All life on Earth contains ribonucleic acid (RNA), a special molecule that helps build proteins from simpler amino acids. To kickstart this fundamental biological process, RNA and amino acids had to become attached at some point. But this key step, known as RNA aminoacylation, has never been experimentally observed in early Earth-like conditions despite the best efforts of many researchers over the decades.

Now, a team has achieved this milestone in the quest to unravel life’s origins. As they report in a study published on Wednesday in Nature, the researchers were able to link amino acids to RNA in water at a neutral pH with the aid of energetic chemical compounds called thioesters. The work revealed that two contrasting origin stories for life on Earth, known as “RNA world” and “thioester world,” may both be right.

“It unites two theories for the origin of life, which are totally separate,” said Matthew Powner, a professor of organic chemistry at University College London and an author of the study, in a call with 404 Media. “These were opposed theories—either you have thioesters or you have RNA.”

“What we found, which is kind of cool, is that if you put them both together, they're more than the sum of their parts,” he continued. “Both aspects—RNA world and thioester world—might be right and they’re not mutually exclusive. They can both work together to provide different aspects of things that are essential to building a cell.”

In the RNA world theory, which dates back to the 1960s, self-replicating RNA molecules served as the initial catalysts for life.
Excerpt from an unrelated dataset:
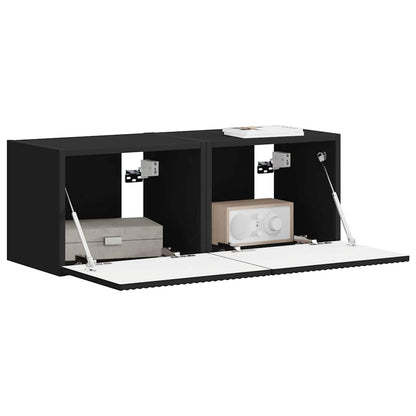 Mobile TV da parete 2 pcs Nero 39 x 31 x 29,5 cm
The thioester world theory, which gained traction in the 1990s, posits that life first emerged from metabolic processes spurred on by energetic thioesters. Now, Powner said, the team has found a “missing link” between the two.
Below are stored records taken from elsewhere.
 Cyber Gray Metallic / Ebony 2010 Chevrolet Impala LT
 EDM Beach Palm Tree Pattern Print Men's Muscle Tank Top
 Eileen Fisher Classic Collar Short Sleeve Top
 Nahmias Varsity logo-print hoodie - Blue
Powner and his colleagues didn’t initially set out to merge the two ideas. The breakthrough came almost as a surprise after the team synthesized pantetheine, a component of thioesters, in simulated conditions resembling early Earth. The team discovered that if amino acids are linked to pantetheine, they naturally attach themselves to RNA at molecular sites that are consistent with what is seen in living things. This act of RNA aminoacylation could eventually enable the complex protein synthesis all organisms now depend on to live.

Pantetheine “is totally universal,” Powner explained. “Every organism on Earth, every genome sequence, needs this molecule for some reason or other. You can't take it out of life and fully understand life.”
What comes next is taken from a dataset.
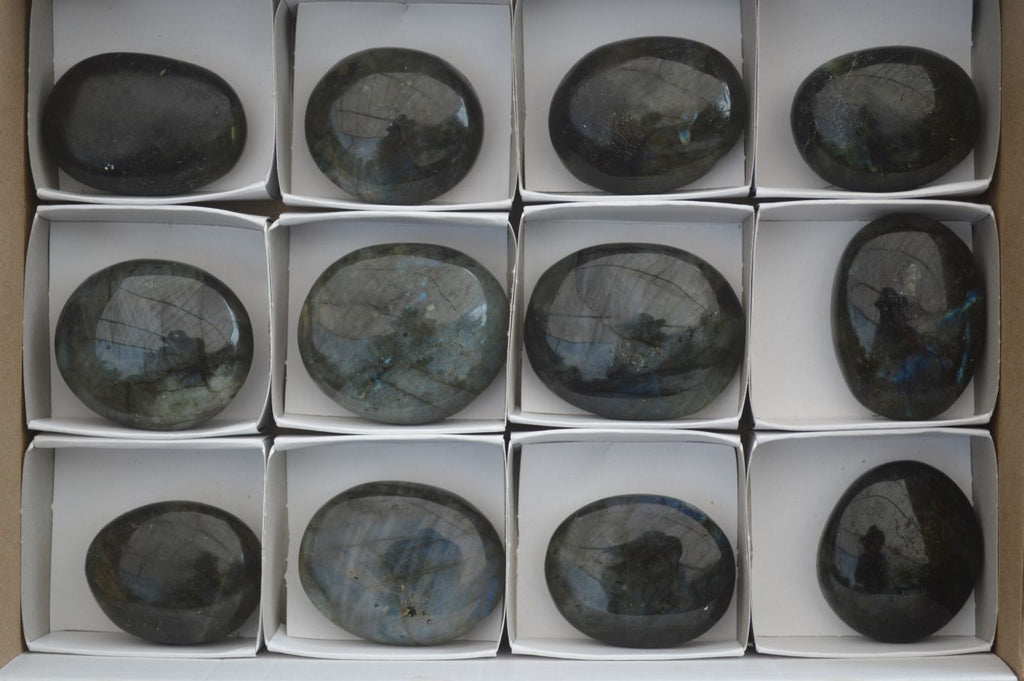 Polished Blue & Gold Labradorite Palm Stones  x 12 From Tulear, Madagascar - Toprock Gemstones and Minerals 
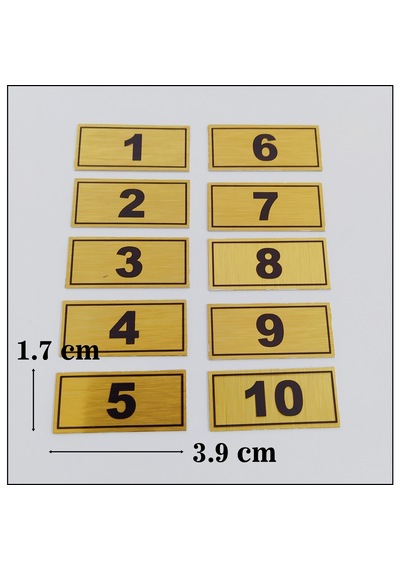 Posta Kutusu Numarası 3,9 Cm X 1,7 Cm 1-10 Adet Yapışkanlı Numara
“That whole program of looking at pantetheine, and then finding this remarkable chemistry that pantetheine does, was all originally designed to just be a side study,” he added. “It was serendipity in the sense that we didn't expect it, but in a scientific way that we knew it would probably be interesting and we'd probably find uses for it. It’s just the uses we found were not necessarily the ones we expected.”

The researchers suggest that early instances of RNA aminoacylation on Earth would most likely have occurred in lakes and other small bodies of water, where nutrients could accumulate in concentrations that could up the odds of amino acids attaching to RNA.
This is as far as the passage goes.